Несколько раз мне было жутко, когда приходилось спускаться по скатам, имевшим вид чуть не вертикальной стены, так что нужно было совсем откидываться в седле, дабы не соскользнуть. Проводник, мексиканский мальчишка, лет семнадцати, с которым я всё время болтал по-испански, сбился с дороги и мы блуждали по горам. Это было к моей выгоде: он против воли показал мне прекраснейшие стремнины, на дне которых бежали горные ручьи, местами образуя водопады. Пути почти не было. Камни и камни. Спуски и подъемы. Солнце жгло. Время от времени жажда заставляла прильнуть к горному ручью и пить. У руин я пробыл несколько часов и другим путем вернулся домой, усталый, при свете звезд и любуясь на феерию бесчисленных светляков, точно это был сказочный бал фей и гномов, вдоль придорожных ручьев и канав, засаженных развесистыми деревьями.
7 апреля. — Я ничего еще не сказал о самых руинах. Развалины Ксочикалько принадлежат к числу самых красивых и величественных созданий скульптурного и архитектурного гения Ацтеков. Пирамидное построение, находящееся на вершине горы, среди других горных вершин, вздымающихся кругом, представляет теперь лишь обломки, но рельефы основания со всех четырех сторон видны, и на одной стене хорошо сохранилась каменная легенда: оперенный змей, похожий на Китайских и Японских драконов, величественный и страшный, обнимающий своими извивами пол-стены, и затем, в обратном порядке, симметрично повторяющийся на другой половине, — фигура воителя обращена к его пасти лицом, перед воителем дымоподобный каменный узор, это означает «цветистую речь», песнь или молитву. Легенда повторяется с новыми сочетаниями и фигурами, на других стенах. Она рассказывает о четырех великих эпохах мира, связанных с четырьмя мировыми гибелями, которые предшествовали нашей земной жизни и основанию знаменитой Тулы (иначе Тулан, или Толлан, «Крайняя Фуле» Эдгара По, и всех средневековых мистиков и мореплавателей, не знавших, что Тула была не на севере Европы, а в пределах погибшей Атлантиды). Четыре мировые бича, и созидатели: Огонь небесный (Солнце и Молния), Огонь земной (Вулкан), Воздух (Ураган), Вода (Потоп).

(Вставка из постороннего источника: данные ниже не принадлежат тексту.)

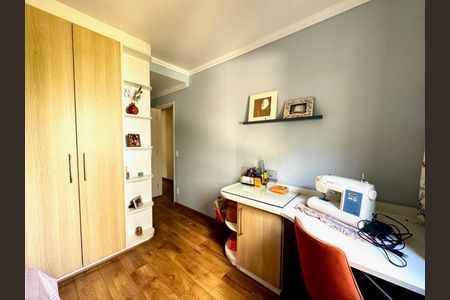 Apartamento à venda com 128m², 4 quartos e 2 vagas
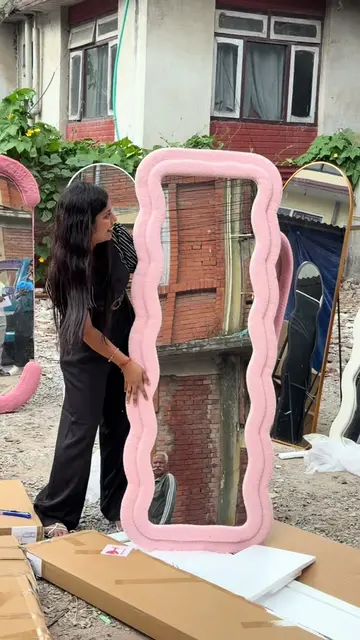 ✨ Upgrade your space with our latest Stand Mirror Collection! 🪞 Modern designs,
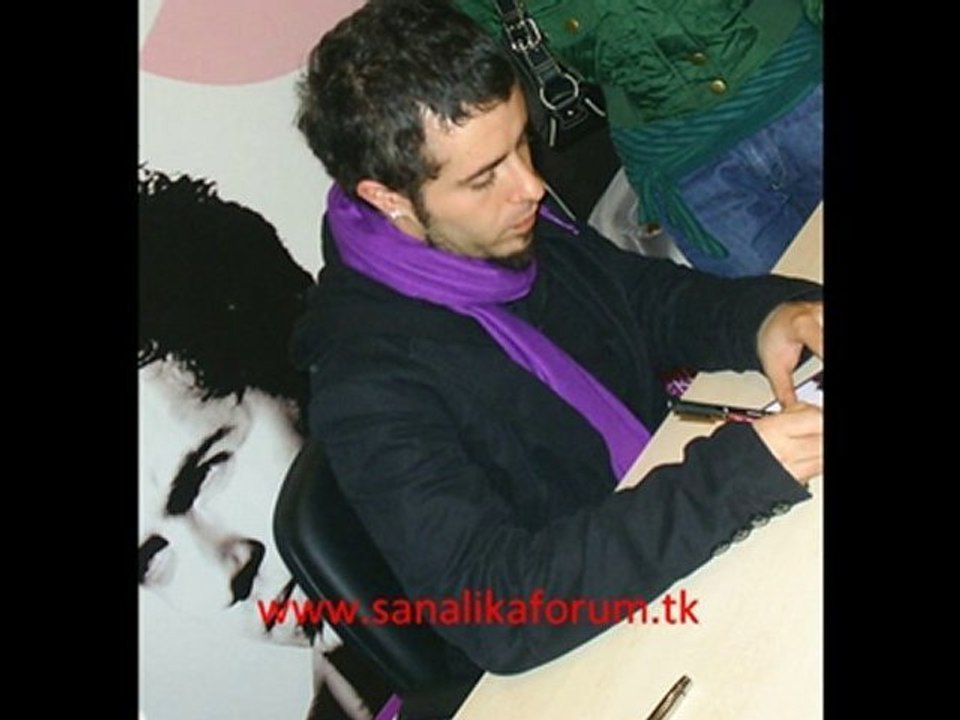 Tam 4 Yıl Olmuş Dün ( Kağıt Evler )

Четыре бича, губящие жизнь, могли ли быть лучше изображены, чем в виде змеев, которые грызут, и давят, и жалят, и удушают? Но они же, извивами, обнимают, как защитой сводов, тех, к кому обращена эта страшная пасть. Через гибель, мы приходим к возрожденью. Мы тесно слиты с губительными силами Космоса, и через это слиянье, лишь через него, можем стать смелыми воителями, глядящими Смерти прямо в глаза, можем стать певцами, поэтами, красиво поющими благоговейный стих. Так понимаю эти изваяния я. Ученые человеки, которых я читал, лишь фотографически описывают эти руины, не пытаясь изъяснить их символа, и лишь упоминая, что, вероятно, они означают четыре мировые катастрофы. 8 апреля. — Я ничего не сказал о другой поездке из Куэрнаваку, в селение San Anton, около которого есть водопад, довольно, впрочем, жалконький, вроде нашего Учан-Су. Здесь на камне я впервые увидел греющуюся под Солнцем игуану, а через какие-нибудь полчаса, в саду одного из туземцев, увидал великолепное знаменитое изваяние игуаны. Огромная, она, как живая, прилипала к камню, точь-в-точь как та, которую я только что видел. Древние жители Мексики умели изображать животных так же хорошо, как это умеют делать Японцы, и так же искусно их стилизировали. — Мне было жаль уезжать из очаровательной Куэрнаваки, которую недаром избрали своим дачным местопребыванием Ацтекские цари, а позднее их — Кортес. Я заходил в заброшенный дворец Кортеса. Был вечер, светили звезды; я ходил взад и вперед по той веранде, где он не раз проникся и гордыми и горькими мыслями, смотря на далёкие громады вулканов.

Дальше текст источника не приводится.